Dios existía o no existía, Maradona era el mejor de la historia o lo era Pelé, pero el fútbol era a las cinco de la tarde, y ya. No se discutía.

Juan Tallón
Griezmann, ante Javi Castellano, de Las Palmas.
Griezmann, ante Javi Castellano, de Las Palmas. GERARD JULIEN (AFP)

Cuando llegas a cierta edad notas cómo algunas preguntas se repiten. Yo todavía escucho “¿a qué hora es el partido?” un par de veces a la semana, igual que en la infancia, cuando regresaba de misa, oía a mi padre decir “¿qué dijo el cura?”. Saber a qué hora ocurren algunas cosas, cuando muchas de ellas ocurren por sorpresa, fuera de hora, produce cierto alivio. No ordena tu caos, que en el fondo te gusta, pero te proporciona un asa a la que agarrarte durante un ratito. Por desgracia, la “hora del partido” es algo que se ha ido desvaneciendo con los años, al estilo de las viejas pintadas en las paredes en las que se gritaba “anarquía”, o algún otro imposible, como aquel “Volvé, Cortázar, volvé. Total, qué te cuesta”.

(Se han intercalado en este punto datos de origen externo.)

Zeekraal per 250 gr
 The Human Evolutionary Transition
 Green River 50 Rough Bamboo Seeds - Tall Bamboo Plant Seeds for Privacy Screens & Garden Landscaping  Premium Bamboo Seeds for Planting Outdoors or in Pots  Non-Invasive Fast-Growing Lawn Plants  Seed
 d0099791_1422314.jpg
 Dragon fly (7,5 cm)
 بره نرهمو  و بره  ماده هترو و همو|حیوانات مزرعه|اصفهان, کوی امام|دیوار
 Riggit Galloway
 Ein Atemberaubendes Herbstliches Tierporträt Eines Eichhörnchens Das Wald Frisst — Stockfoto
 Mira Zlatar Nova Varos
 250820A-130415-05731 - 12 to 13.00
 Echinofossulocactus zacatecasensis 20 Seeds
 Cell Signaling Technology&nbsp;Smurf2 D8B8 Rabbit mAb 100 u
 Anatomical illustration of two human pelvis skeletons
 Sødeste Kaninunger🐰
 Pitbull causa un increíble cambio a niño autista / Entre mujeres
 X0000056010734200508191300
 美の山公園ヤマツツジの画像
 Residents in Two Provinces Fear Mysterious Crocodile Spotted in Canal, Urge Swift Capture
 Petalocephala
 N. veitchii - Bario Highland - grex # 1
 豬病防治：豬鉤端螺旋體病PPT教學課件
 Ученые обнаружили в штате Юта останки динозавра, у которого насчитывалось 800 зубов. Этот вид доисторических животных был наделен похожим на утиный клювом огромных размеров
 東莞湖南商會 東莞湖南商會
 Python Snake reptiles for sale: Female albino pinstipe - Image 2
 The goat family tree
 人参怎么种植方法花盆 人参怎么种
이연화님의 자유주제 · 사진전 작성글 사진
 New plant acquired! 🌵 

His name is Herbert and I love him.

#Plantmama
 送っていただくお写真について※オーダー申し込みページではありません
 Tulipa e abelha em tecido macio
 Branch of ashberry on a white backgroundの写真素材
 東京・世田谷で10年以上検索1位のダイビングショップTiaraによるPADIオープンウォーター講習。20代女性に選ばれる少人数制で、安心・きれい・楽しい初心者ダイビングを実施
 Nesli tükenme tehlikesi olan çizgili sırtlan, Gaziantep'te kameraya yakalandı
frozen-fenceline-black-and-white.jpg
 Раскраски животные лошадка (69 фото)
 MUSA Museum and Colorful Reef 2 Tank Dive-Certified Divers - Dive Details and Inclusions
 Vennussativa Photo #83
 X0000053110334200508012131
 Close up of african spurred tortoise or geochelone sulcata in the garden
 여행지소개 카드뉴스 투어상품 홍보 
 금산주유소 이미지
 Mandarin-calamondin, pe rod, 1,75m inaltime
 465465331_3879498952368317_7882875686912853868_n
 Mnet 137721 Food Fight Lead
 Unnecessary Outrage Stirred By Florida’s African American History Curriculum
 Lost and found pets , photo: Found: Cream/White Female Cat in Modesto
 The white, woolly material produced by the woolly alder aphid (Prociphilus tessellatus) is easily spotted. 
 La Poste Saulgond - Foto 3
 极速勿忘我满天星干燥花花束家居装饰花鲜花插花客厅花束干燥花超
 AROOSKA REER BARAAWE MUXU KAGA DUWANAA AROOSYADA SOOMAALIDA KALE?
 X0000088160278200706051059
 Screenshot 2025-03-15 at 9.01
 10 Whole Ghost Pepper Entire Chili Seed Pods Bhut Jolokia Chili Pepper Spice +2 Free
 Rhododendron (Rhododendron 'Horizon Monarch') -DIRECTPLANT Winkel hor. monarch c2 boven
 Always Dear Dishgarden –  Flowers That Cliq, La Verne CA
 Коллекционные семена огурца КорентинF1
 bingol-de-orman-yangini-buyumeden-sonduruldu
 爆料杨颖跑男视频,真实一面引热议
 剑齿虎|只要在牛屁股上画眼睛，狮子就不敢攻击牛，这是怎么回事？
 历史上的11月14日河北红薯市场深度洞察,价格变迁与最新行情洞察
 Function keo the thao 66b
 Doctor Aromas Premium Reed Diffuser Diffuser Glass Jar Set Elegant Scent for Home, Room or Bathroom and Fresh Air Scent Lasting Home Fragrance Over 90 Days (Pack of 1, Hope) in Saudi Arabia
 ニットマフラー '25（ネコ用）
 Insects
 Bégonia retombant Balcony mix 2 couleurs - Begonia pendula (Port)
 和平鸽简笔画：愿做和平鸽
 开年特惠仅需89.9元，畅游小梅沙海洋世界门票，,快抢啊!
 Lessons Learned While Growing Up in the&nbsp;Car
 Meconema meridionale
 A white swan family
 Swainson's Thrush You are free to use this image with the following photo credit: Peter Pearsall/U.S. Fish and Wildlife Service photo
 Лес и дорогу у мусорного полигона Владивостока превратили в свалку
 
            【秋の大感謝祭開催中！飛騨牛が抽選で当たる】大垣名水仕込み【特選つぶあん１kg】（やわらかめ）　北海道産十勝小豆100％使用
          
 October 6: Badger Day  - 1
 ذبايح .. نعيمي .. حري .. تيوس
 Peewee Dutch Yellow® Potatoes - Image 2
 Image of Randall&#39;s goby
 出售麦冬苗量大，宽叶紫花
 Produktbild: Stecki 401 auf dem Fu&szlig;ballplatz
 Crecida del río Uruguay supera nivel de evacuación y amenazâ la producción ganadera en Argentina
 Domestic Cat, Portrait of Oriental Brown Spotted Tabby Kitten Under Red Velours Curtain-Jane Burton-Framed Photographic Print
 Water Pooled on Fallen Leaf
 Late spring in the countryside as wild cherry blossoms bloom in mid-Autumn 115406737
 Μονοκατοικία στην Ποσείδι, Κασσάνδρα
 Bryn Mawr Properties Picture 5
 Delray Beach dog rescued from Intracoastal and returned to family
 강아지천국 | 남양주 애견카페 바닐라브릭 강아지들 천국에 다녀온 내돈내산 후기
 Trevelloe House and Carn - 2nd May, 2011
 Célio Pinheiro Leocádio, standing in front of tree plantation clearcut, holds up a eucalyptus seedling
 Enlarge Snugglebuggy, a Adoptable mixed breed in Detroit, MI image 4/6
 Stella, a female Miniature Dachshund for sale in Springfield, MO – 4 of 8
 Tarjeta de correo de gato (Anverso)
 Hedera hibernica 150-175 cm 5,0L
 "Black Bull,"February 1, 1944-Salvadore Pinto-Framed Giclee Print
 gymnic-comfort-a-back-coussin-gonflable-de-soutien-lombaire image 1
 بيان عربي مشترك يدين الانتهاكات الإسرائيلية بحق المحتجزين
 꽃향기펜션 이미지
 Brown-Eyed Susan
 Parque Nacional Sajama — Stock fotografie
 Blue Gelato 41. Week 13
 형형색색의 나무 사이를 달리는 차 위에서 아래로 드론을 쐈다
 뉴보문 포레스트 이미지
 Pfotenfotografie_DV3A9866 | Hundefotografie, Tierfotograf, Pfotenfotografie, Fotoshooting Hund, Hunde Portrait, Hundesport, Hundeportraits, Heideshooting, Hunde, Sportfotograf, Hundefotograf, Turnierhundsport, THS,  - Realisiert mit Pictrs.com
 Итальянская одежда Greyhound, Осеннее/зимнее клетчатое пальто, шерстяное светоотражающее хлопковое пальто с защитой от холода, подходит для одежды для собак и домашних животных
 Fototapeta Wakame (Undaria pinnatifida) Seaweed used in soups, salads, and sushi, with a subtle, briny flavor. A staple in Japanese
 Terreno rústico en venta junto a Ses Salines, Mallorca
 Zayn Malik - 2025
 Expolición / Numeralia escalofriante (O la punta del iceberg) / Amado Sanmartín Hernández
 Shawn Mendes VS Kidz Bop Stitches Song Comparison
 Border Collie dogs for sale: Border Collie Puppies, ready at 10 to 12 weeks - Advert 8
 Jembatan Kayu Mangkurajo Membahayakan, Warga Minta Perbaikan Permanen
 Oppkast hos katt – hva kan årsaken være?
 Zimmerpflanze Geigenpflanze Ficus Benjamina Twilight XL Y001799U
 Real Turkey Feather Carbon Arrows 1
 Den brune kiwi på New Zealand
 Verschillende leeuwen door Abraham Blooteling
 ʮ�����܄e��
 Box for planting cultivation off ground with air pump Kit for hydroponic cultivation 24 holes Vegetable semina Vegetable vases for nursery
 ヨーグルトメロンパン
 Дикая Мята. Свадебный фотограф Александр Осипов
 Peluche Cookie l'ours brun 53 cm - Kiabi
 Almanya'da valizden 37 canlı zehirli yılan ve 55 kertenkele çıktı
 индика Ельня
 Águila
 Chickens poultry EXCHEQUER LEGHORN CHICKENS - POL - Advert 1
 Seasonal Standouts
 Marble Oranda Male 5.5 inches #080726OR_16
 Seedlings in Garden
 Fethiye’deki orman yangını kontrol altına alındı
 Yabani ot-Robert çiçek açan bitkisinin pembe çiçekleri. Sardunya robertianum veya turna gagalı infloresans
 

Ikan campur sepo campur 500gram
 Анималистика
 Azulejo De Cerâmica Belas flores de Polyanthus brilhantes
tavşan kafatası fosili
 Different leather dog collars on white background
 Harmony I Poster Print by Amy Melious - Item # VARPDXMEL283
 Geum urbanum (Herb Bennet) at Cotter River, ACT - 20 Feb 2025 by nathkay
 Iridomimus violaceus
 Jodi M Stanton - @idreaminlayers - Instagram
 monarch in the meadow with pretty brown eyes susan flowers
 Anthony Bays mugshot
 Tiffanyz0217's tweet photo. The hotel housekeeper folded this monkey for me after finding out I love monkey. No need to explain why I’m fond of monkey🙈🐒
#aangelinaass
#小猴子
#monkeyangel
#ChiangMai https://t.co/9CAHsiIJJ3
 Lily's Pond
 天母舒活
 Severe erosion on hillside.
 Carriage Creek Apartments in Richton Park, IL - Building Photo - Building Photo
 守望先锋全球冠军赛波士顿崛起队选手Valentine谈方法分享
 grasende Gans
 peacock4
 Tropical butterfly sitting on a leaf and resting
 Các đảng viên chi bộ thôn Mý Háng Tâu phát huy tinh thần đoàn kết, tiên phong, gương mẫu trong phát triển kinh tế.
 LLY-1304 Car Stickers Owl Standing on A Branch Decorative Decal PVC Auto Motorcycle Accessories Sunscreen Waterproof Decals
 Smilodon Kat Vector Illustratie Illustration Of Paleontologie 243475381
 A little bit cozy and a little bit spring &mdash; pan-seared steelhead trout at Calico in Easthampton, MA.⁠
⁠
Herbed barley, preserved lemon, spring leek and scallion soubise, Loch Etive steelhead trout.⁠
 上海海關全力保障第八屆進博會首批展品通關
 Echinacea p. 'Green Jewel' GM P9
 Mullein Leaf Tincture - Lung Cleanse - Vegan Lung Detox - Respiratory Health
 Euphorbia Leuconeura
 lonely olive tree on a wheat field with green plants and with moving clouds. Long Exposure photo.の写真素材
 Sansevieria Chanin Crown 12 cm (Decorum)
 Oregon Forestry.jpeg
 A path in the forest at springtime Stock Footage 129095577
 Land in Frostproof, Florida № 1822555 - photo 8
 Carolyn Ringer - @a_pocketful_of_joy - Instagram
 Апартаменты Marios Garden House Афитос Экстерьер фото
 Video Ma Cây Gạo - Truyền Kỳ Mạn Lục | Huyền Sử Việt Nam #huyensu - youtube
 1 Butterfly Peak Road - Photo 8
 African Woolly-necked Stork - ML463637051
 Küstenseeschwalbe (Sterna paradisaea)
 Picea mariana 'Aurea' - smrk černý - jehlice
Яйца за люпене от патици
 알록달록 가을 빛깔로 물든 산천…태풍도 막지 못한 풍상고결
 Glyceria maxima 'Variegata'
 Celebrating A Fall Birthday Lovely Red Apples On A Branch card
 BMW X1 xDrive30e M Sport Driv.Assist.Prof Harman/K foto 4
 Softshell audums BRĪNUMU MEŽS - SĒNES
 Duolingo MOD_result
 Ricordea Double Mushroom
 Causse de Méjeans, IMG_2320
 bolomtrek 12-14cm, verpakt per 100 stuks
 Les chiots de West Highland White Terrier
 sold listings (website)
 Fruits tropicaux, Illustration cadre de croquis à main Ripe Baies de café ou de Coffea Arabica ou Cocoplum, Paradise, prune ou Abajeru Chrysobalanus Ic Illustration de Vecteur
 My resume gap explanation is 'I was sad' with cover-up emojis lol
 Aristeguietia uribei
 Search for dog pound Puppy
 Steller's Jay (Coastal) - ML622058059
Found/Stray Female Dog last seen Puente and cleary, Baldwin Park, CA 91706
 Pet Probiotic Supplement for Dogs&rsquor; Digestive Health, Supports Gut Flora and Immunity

Hubo un tiempo, sin embargo, en que el fútbol tenía su hora y no otra. Aquella puntualidad podía emplearse para hacer la cena o para poner en hora los relojes a los que se les acababa la cuerda. Los partidos ocurrían a rajatabla, del mismo modo que en una novela negra el muerto aparece en las primeras páginas, y a veces en el título. La hora del fútbol representaba lo que quedaba después de cuestionarlo todo. Era lo indubitable, en términos cartesianos. Constituía un punto de partida firme a partir del que organizar el resto de tu vida. Dios existía o no existía, Maradona era el mejor de la historia o lo era Pelé, pero el fútbol era a las cinco de la tarde, y ya. No se discutía. Pero llegaron las televisiones. Pero la telefonía se hizo con el negocio. Pero murieron los relojes. Pero. Pero. Pero.

Los horarios rígidos e intocables, que se podían emplear para atracar un banco —véanse las tres en punto—, han caído en un lánguido descrédito. Perdieron su baño de plata, digamos. Ni siquiera hay ya un partido que empiece a las nueve de la noche. De pronto, se juega a las ocho y media. Y nadie protesta. Tal vez el fútbol desaparezca irremediablemente, y no nos importe demasiado, el día que comience a las 19.33 horas, que es uno de esos momentos del día con aspecto de botella rota.

Peor que se repitan las preguntas de siempre, lo cual no deja de proporcionarnos la seguridad de que mañana se parecerá un poco a hoy, y eso nos mantiene a flote, es que irrumpen otras nuevas, que nunca habíamos sentido la necesidad de plantear. Hablo, por ejemplo, de “¿Dónde dan el fútbol?”. Parece fácil responder, como cuando tu pareja te pregunta, en mitad de la noche, mientras te meces con la cabeza en blanco, si la quieres. “Qué clase de pregunta es esa”, respondes para ganar tiempo, pues en el fondo no tienes ni idea. La semana pasada quise saber a quién debía llamar para contratar el partido del Atlético de Madrid. Al parecer podía verlo en tantos canales, con los que primero debía poco menos que casarme y hacer el amor, que opté por lo más sencillo y barato: subirme a un tren, recorrer 500 kilómetros y presentarme en el Vicente Calderón.